Too much on Facebook

A very interesting read on Facebook talking about how it’s becoming like a “true democracy”. It’s funny how after reading the article, everything just seemed to fall into place and really ‘click’. It’s really quite true what the author wrote! We’re not simply users on Facebook and adding our friends and writing on walls; we are actively reading and engaging, and with the recent privacy developments, we are also actively voicing our opinions over the changes. There’s a very high level of participation, and FB’s CEO Mark Zuckerberg has been taking into account its users opinions, just “like a true democracy, and adjusted settings as necessary”. (Read the rest of the article here)

Not all of what the article says is true, of course, and it seems impossible that FB will become so big that it will resemble or become a new government… but I was more intrigued with all the privacy and security issues associated with FB. Sure, they’ve changed the settings to become more simple and user-friendly, but it doesn’t take away the fact that we don’t know exactly what personal info gets shared online to advertisers or third parties… On Quit Facebook Day up to 30,000 users have quit FB, but that’s just 0.008 percent of the FB population (which has over 400 million users) (source).

I know I’ve been going on and on about FB privacy, and naturally I should’ve been one of the first people to sign up for the Quit Facebook Day. But it has come to a point in my FB life that I just cannot bring myself to delete my profile… not after all the connections I’ve made and links I’ve shared and photos I’ve uploaded! It’ll be like committing suicide!

But just by the way, if you haven’t privatised your FB settings, you really should now. A useful tool I found is this website Just follow the instructions and see what settings you need to change from there.

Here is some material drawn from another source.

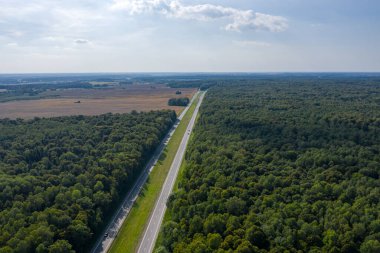 Uzağa giden uzun, düz, çift şeritli bir otoyol. Her iki tarafta bir orman ve bir tarla var. Bir İHA 'nın üstünden alındı..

If your status updates and photos are open to “everyone”, you risk finding yourself on, which is, in short:

… a Facebook-specific search engine, built upon Facebook’s publicly available API,[1] which enables one to search for specific texts on the walls of Facebook subscribers en masse which they have denoted, knowingly or unknowingly, as being available to “Everyone,” i.e. to the Internet at large. Both an avowed parody of Facebook and an Internet privacyadvocacy website, it was built by San Francisco website developers Will Moffat, Peter Burns and James Home within a few hours on May 12, 2010, and has received nearly six million page views in its first two weeks on-line from over a million people in over two hundred countries. The website has received extensive media attention from, among others, the Wall Street Journal,[2]NPR[3] and ABC News,[4] including international coverage.[5]

(from Wikipedia)

The last I checked there are over 17,000 searches per hour, and I’ve used it randomly before and found that I was able to click through people’s profiles and easily find out at least 5 things about them (where they live, their birthday, their photos, their workplace, their school) from that page alone. So imagine someone going through your profile! It’s crazy!

I recently came across a funny, but scarily true, quote from a friend on FB, which went something like “Before Facebook, I had to break into my friend’s house to find out what music they liked”. And well, compare that to and think about the potential randoms “breaking into your house” right now and finding out all these things about you. It’s creepy.

But what about Twitter?

With the amount of updating we do on Twitter, it’s insane to think of what people could do with that info. Of course, it seems a bit harder for any privacy settings to be breached on Twitter simply because it has so much less personal information as compared to FB… but did you know that Twitter collects personal information about its users and shares it with third parties? Read their privacy policy and find out for yourself.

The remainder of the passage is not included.